The nation is all ears today as President Obama delivered his State of the Union address. As such, it will be highly unlikely anyone will miss the President's special mention of Apple, Microsoft, and a few other key players in the tech industry for their efforts in improving the country's education system by connecting students to high-speed broadband.
The role of the Internet in current education is unmistakable and the absence of access to it will soon be seen as a liability rather than a normal issue. In order to help bring the education system into the information age, students will need to have immediate access to this important resource.
Last year, President Obama launched ConnectED, his government's program to update schools by connecting as much as 99 percent students to the Internet via high-speed digital connections over the next five years. He has tasked the Federal Communications Commission (FCC) to bring this plan into fruition. In today's speech, he proudly named Apple and other industry giants as instrumental in bringing high-speed Internet more than 15,000 schools and 20 million students over the next two years.

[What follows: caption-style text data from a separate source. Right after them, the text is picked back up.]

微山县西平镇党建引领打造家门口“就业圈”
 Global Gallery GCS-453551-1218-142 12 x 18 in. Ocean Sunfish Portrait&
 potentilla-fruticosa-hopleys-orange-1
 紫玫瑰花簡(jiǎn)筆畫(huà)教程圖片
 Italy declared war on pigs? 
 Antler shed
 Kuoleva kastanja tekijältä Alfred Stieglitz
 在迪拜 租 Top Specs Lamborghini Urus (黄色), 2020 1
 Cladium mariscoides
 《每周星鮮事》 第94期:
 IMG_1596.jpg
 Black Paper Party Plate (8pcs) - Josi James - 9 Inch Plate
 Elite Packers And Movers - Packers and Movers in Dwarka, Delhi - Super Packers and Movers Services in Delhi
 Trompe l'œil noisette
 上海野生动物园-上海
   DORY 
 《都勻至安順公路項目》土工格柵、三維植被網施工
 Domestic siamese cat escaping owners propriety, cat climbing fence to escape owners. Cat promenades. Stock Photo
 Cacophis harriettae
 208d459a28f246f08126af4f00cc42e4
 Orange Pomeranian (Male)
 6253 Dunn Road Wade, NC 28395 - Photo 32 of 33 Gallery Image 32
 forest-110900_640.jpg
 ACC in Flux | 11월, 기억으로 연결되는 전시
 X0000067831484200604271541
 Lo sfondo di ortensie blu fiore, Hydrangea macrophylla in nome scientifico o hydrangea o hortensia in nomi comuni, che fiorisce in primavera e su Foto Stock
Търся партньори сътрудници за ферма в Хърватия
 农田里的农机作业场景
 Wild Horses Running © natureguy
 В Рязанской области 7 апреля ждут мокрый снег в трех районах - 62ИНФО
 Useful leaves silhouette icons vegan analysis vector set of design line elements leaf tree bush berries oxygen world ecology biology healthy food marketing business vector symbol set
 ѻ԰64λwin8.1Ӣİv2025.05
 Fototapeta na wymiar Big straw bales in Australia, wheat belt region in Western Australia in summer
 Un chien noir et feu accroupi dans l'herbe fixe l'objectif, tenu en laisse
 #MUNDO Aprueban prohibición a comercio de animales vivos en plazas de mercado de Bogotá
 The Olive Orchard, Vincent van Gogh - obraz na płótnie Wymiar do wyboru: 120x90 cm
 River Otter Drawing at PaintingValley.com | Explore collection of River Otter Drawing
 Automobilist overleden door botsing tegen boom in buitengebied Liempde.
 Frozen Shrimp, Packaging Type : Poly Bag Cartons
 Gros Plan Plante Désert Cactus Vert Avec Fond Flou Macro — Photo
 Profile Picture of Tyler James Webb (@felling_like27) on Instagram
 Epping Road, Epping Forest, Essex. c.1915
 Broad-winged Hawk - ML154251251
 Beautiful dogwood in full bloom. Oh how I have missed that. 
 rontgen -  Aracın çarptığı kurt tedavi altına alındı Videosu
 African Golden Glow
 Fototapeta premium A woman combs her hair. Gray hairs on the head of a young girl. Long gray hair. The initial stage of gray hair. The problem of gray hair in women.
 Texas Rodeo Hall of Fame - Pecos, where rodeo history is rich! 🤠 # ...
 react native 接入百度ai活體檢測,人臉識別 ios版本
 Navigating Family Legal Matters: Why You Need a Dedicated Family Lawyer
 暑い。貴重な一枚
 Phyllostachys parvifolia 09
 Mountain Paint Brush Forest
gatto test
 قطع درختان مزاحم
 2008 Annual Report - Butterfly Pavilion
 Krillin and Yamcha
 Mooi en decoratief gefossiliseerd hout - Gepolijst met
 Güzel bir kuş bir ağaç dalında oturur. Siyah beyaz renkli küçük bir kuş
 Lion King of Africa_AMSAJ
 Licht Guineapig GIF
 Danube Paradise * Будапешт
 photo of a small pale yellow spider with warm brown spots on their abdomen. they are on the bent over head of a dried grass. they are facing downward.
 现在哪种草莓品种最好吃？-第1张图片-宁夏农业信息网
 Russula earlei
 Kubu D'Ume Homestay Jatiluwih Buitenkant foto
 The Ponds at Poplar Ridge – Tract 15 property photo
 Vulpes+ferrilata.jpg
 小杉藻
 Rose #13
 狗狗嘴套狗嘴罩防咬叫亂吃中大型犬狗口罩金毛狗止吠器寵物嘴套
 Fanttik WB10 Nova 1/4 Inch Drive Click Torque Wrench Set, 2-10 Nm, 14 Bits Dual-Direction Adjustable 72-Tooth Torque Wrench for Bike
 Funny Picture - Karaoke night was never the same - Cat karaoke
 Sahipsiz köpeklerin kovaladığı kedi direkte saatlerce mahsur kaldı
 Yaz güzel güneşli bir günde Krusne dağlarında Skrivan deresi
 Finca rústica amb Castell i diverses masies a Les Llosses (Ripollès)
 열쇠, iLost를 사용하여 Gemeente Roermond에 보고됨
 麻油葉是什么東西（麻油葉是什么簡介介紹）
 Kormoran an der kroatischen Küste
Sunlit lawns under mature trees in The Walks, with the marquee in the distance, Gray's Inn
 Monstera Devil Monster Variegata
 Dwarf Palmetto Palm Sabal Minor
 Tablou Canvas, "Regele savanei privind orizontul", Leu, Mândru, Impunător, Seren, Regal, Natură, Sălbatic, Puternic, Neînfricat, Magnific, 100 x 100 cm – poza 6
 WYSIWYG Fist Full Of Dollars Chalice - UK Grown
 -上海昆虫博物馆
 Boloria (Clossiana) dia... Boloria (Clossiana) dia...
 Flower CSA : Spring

Apple has been active in promoting education and bringing it to the 21st century through programs that, among other things, give students a chance to use the latest computers and gadgets, as well as easy access to textbooks and resources. The company has this to say about the president's speech:
"We are proud to join President Obama in this historic initiative to transform America's schools. Apple has a long history in education, and we have pledged to contribute MacBooks, iPads, software and our expertise to support the ConnectED project. We look forward to announcing more details with the White House soon."
Also mentioned as having supported the FCC in its education mandate were Microsoft and Verizon. It is worth mentioning that the FCC and these companies have come up with down payment system to implement the ConnectED program and will not, according to Obama, add anything to the country's deficit.